- _PROBLEM STATEMENT_: Nothing but the lines from the one with "Kieran Farr smiles" through the end of the records may appear in the answer, each reproduced exactly, pictures omitted.

*** Opening MATERIAL FOR THIS EXERCISE ***

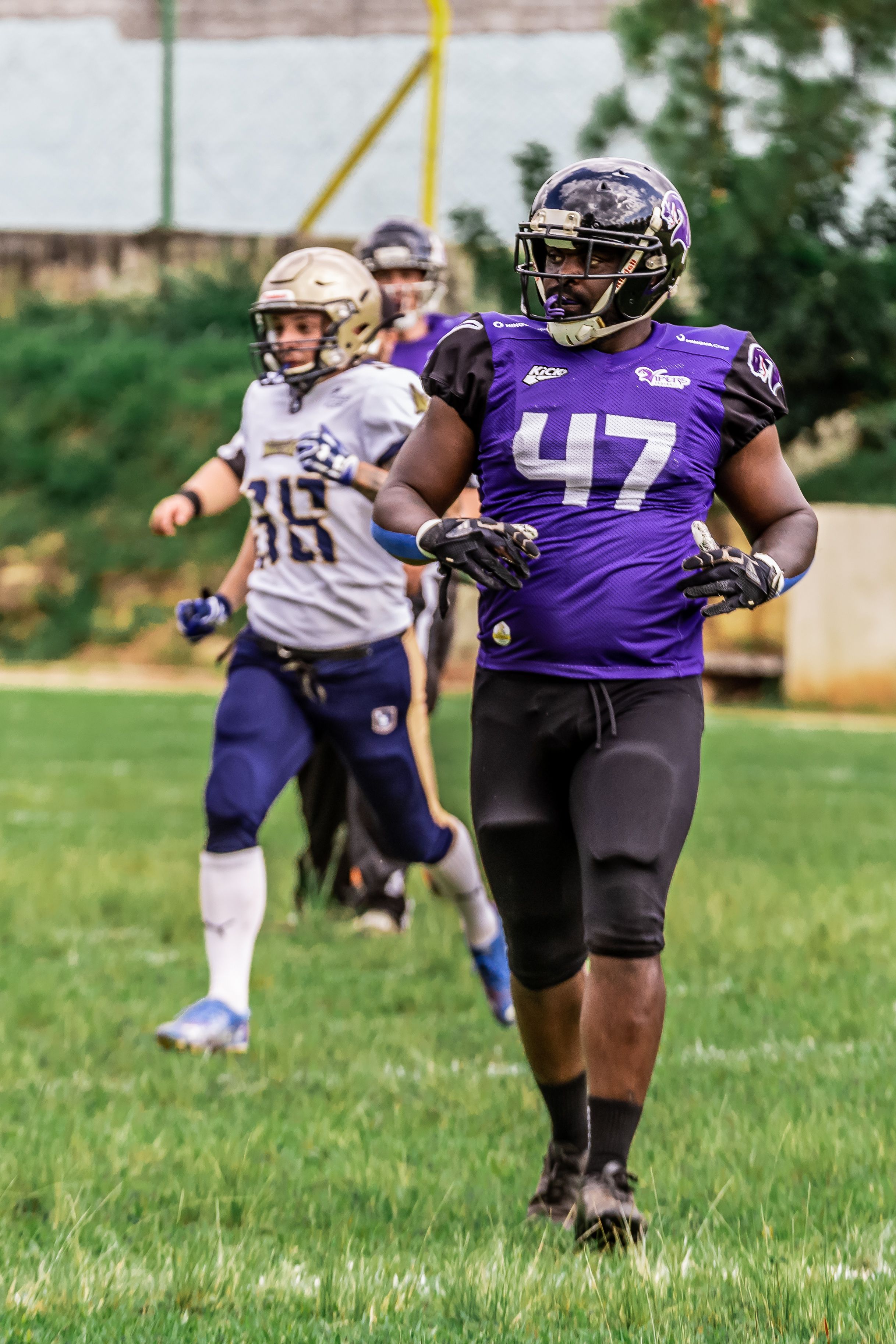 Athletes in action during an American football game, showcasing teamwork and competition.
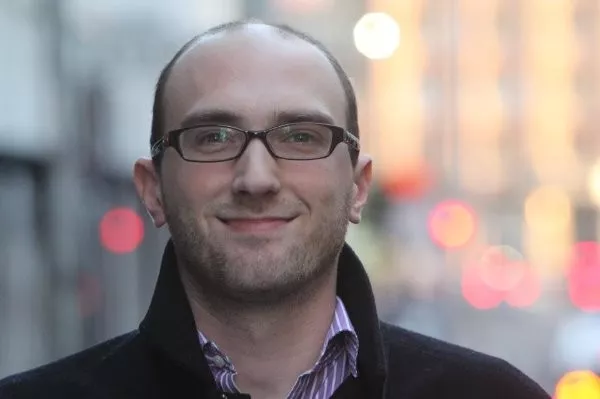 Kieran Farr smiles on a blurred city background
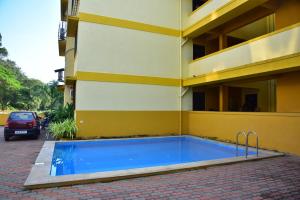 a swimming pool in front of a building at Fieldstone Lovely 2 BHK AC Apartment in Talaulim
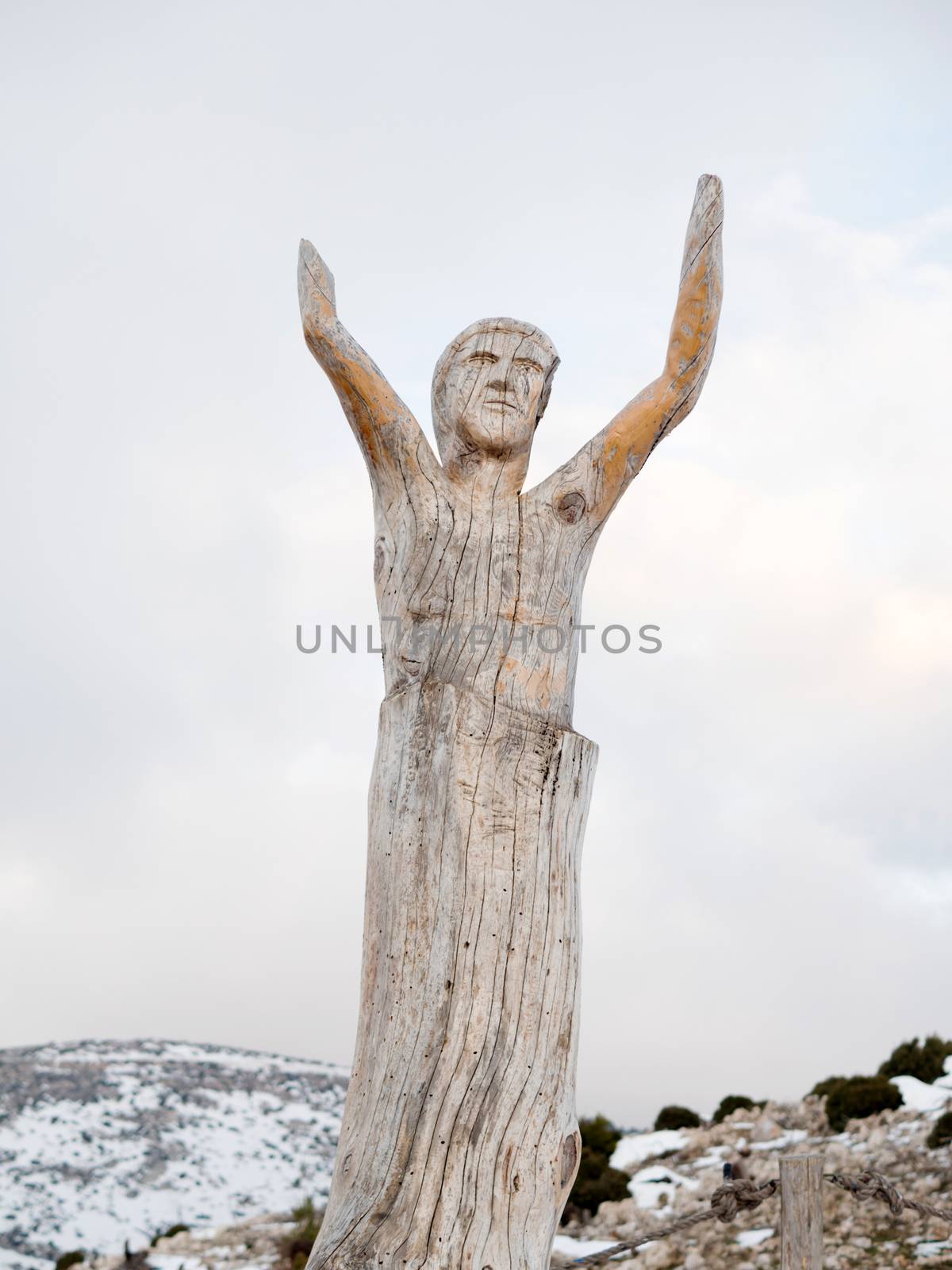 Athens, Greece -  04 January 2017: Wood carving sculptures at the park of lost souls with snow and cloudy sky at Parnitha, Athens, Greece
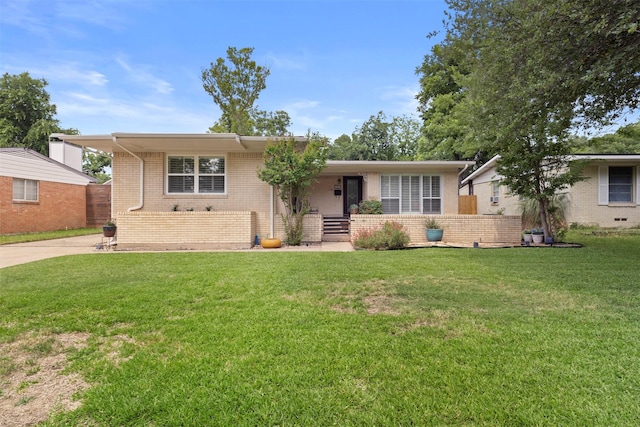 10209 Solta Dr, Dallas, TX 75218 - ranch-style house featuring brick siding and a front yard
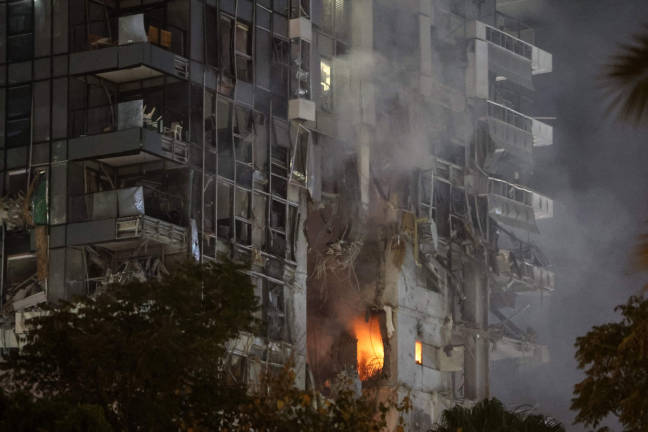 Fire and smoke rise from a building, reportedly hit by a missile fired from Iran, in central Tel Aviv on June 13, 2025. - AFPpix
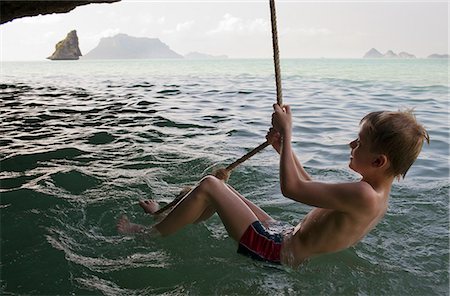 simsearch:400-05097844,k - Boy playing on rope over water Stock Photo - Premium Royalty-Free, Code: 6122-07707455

*** Closing MATERIAL FOR THIS EXERCISE ***

- _ANSWER FOR THIS EXERCISE_:
 Kieran Farr smiles on a blurred city background
 a swimming pool in front of a building at Fieldstone Lovely 2 BHK AC Apartment in Talaulim
 Athens, Greece -  04 January 2017: Wood carving sculptures at the park of lost souls with snow and cloudy sky at Parnitha, Athens, Greece
 10209 Solta Dr, Dallas, TX 75218 - ranch-style house featuring brick siding and a front yard
 Fire and smoke rise from a building, reportedly hit by a missile fired from Iran, in central Tel Aviv on June 13, 2025. - AFPpix
 simsearch:400-05097844,k - Boy playing on rope over water Stock Photo - Premium Royalty-Free, Code: 6122-07707455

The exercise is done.